• Work required:
Could you write out every record below exactly, leaving the pictures out?

• Supplied records:
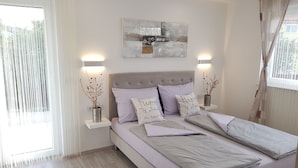 Un dormitorio moderno con una cama grande, dos mesitas de noche con lámparas, un cuadro abstracto en la pared y una ventana con cortinas translúcidas.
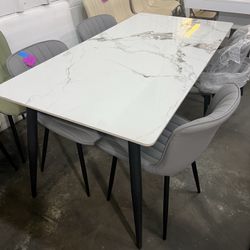 Brand new 5 pcs of set, Sintered Stone Dining Table: 63 Inch Grey Kitchen Table with Metal Legs ,with 4 chairs  $330  Warehouse Address: 2745 Boone st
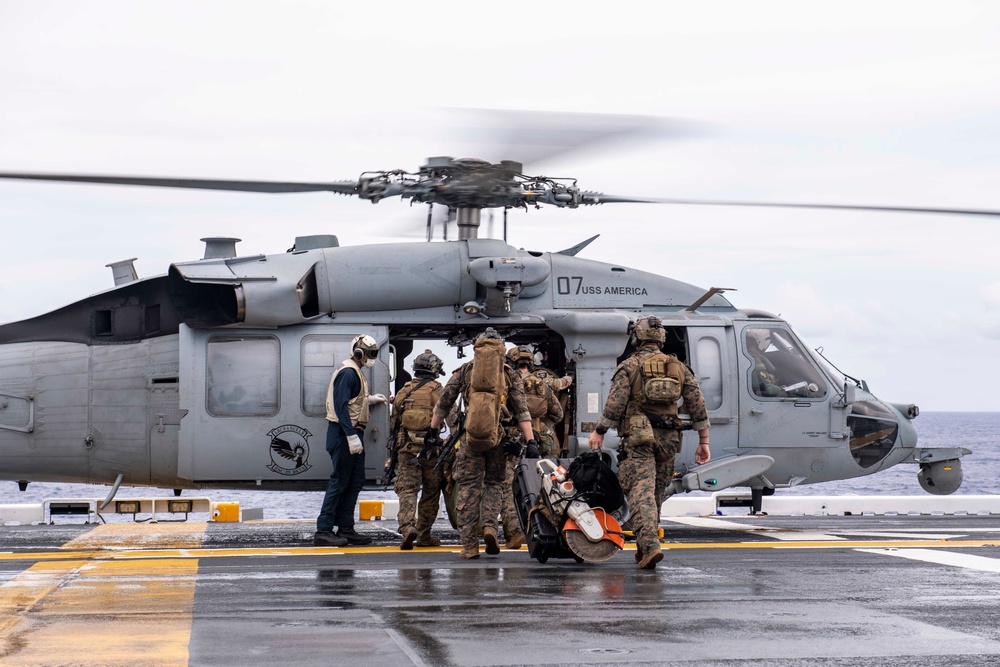 USS America (LHA 6) And 31st Marine Expeditionary Unit Conduct Flight Ops and VBSS Exercise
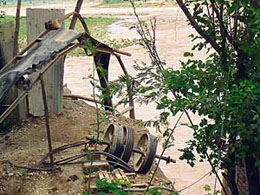 The stone crusher on the Pathakot-Dalhousie road that was washed away by the flooding Chakki river in Pathankot on Sunday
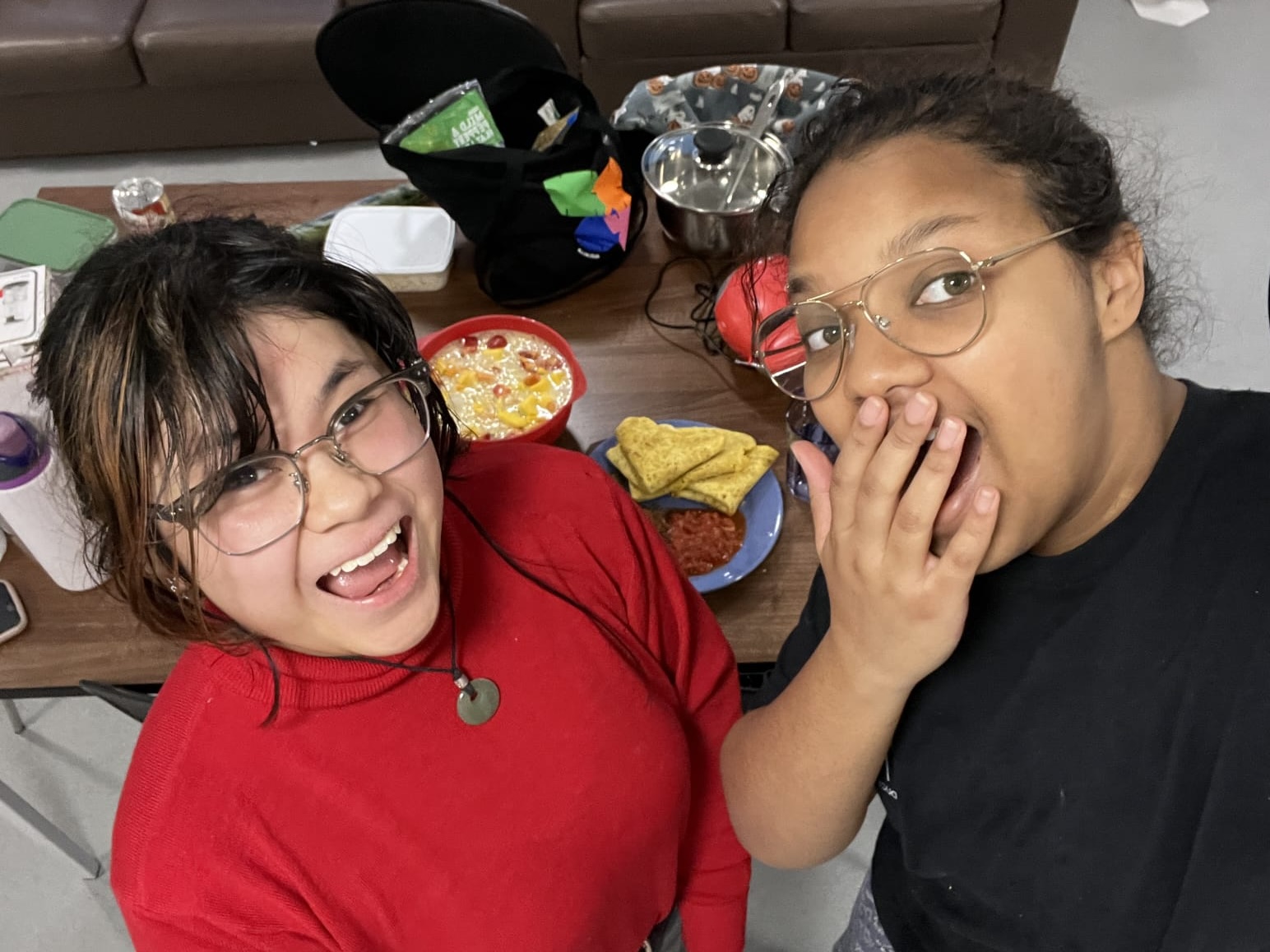 Two students taking a selfie, one with their hand over their mouth and the other smiling with a red sweater, food and brown sofa in the background.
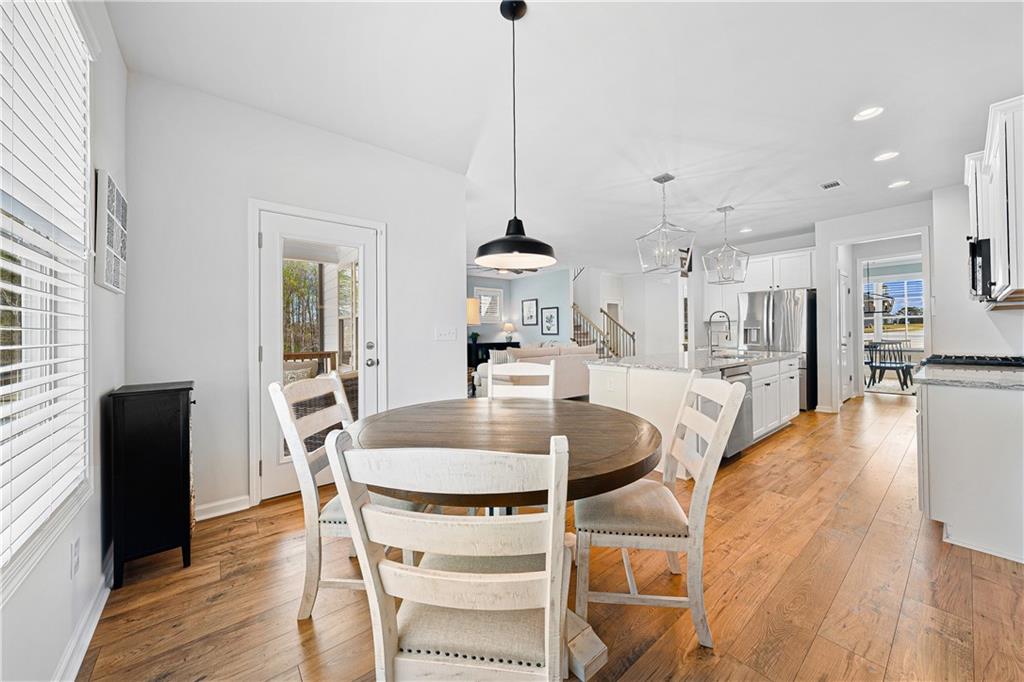 281 Greystone Court Winder, GA 30680 - Photo 21 of 71 a dining room with furniture and wooden floor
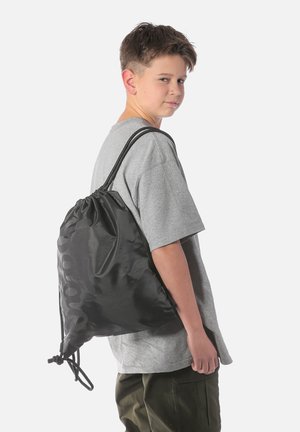 Ragazzo con maglietta grigia e pantaloni verdi guarda oltre la spalla portando uno zaino nero con coulisse su sfondo bianco.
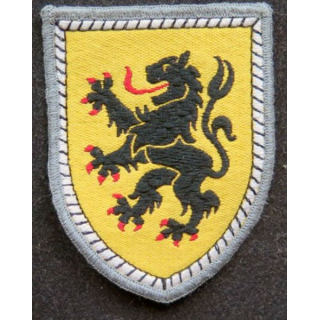 insigne tissu inconnu lion sur fond jaune bordé de gris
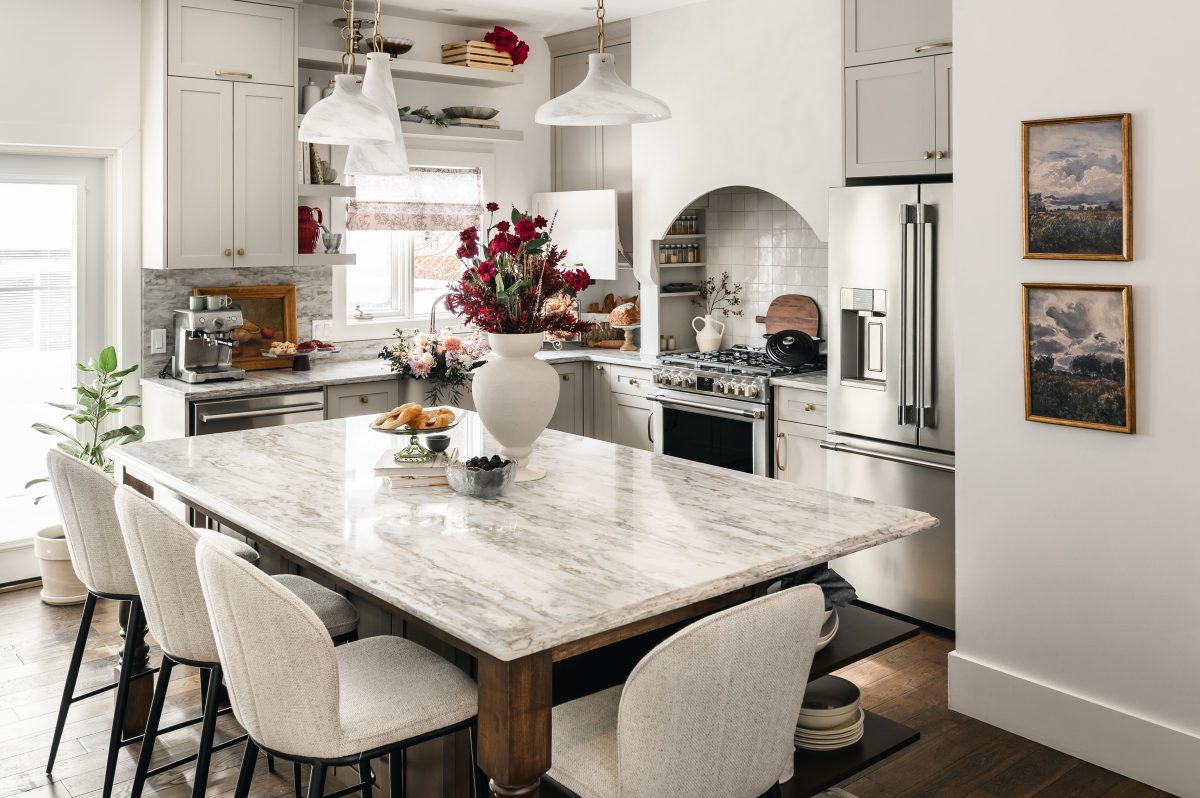 Victorian-inspired kitchen island with a marble countertop and dark wood base surrounded by cream upholstered bar stools.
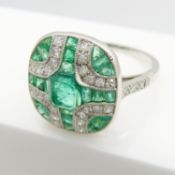 A stylish emerald and diamond Art Deco-styled panel ring in platinum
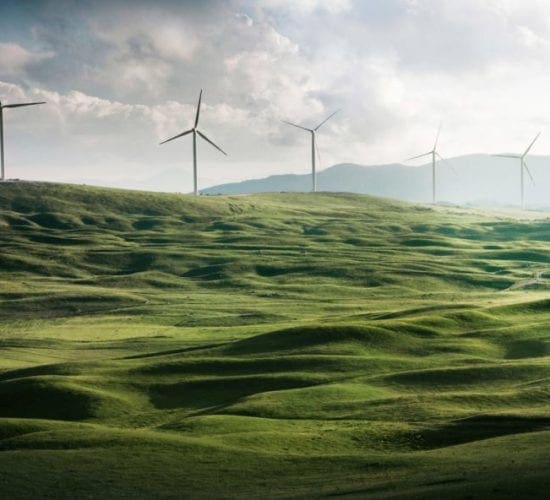 windmills on rolling green hills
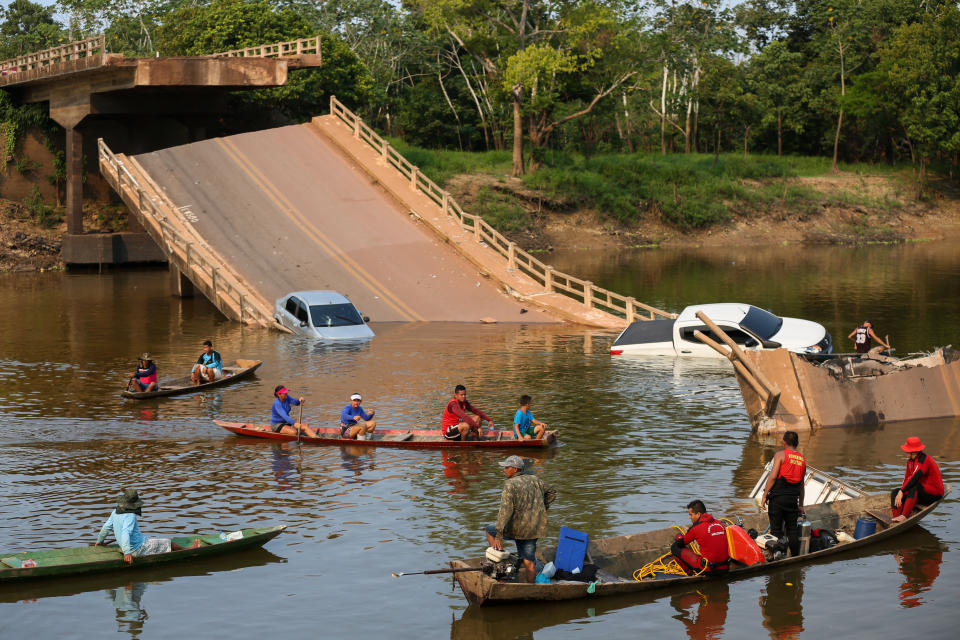Locals and rescuers search for people who plunged into the Curuca river after a bridge collapsed in the municipality Careiro Da Varzea,  Amazonas state, Brazil, on 28 September 2022.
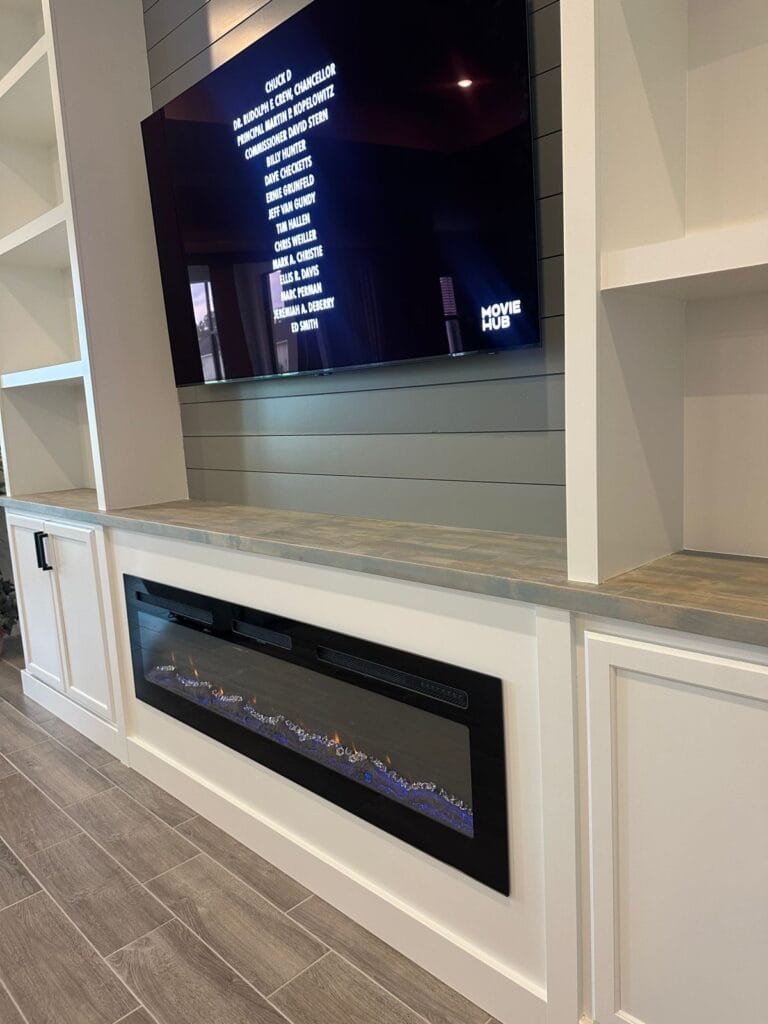 Electric Fireplace and Cabinetry Detail — Palm Bay Linear electric fireplace beneath a wood-toned countertop, with white cabinetry and gray shiplap behind the TV.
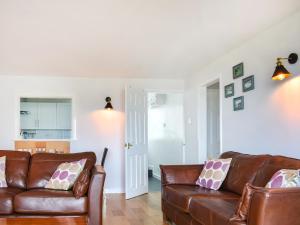 a living room with two brown leather couches at Harbour View in Cemaes Bay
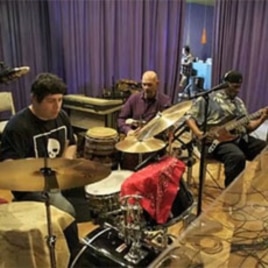 Students have recorded CDs with well-known bands like Taj Mahal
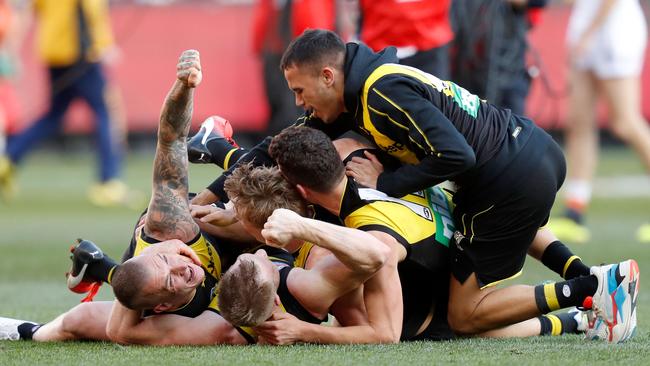 Richmond players celebrate as the final siren sounds during the 2019 AFL Grand Final. Picture: Darrian Traynor/AFL Photos/via Getty Images.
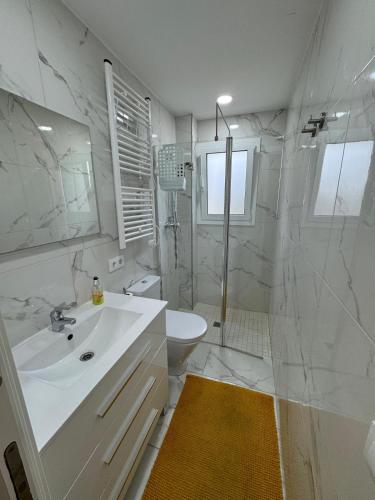 a white bathroom with a sink and a shower at Mar & Sol Spain in Empuriabrava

• The completed task:
 Un dormitorio moderno con una cama grande, dos mesitas de noche con lámparas, un cuadro abstracto en la pared y una ventana con cortinas translúcidas.
 Brand new 5 pcs of set, Sintered Stone Dining Table: 63 Inch Grey Kitchen Table with Metal Legs ,with 4 chairs  $330  Warehouse Address: 2745 Boone st
 USS America (LHA 6) And 31st Marine Expeditionary Unit Conduct Flight Ops and VBSS Exercise
 The stone crusher on the Pathakot-Dalhousie road that was washed away by the flooding Chakki river in Pathankot on Sunday
 Two students taking a selfie, one with their hand over their mouth and the other smiling with a red sweater, food and brown sofa in the background.
 281 Greystone Court Winder, GA 30680 - Photo 21 of 71 a dining room with furniture and wooden floor
 Ragazzo con maglietta grigia e pantaloni verdi guarda oltre la spalla portando uno zaino nero con coulisse su sfondo bianco.
 insigne tissu inconnu lion sur fond jaune bordé de gris
 Victorian-inspired kitchen island with a marble countertop and dark wood base surrounded by cream upholstered bar stools.
 A stylish emerald and diamond Art Deco-styled panel ring in platinum
 windmills on rolling green hills
Locals and rescuers search for people who plunged into the Curuca river after a bridge collapsed in the municipality Careiro Da Varzea,  Amazonas state, Brazil, on 28 September 2022.
 Electric Fireplace and Cabinetry Detail — Palm Bay Linear electric fireplace beneath a wood-toned countertop, with white cabinetry and gray shiplap behind the TV.
 a living room with two brown leather couches at Harbour View in Cemaes Bay
 Students have recorded CDs with well-known bands like Taj Mahal
 Richmond players celebrate as the final siren sounds during the 2019 AFL Grand Final. Picture: Darrian Traynor/AFL Photos/via Getty Images.
 a white bathroom with a sink and a shower at Mar & Sol Spain in Empuriabrava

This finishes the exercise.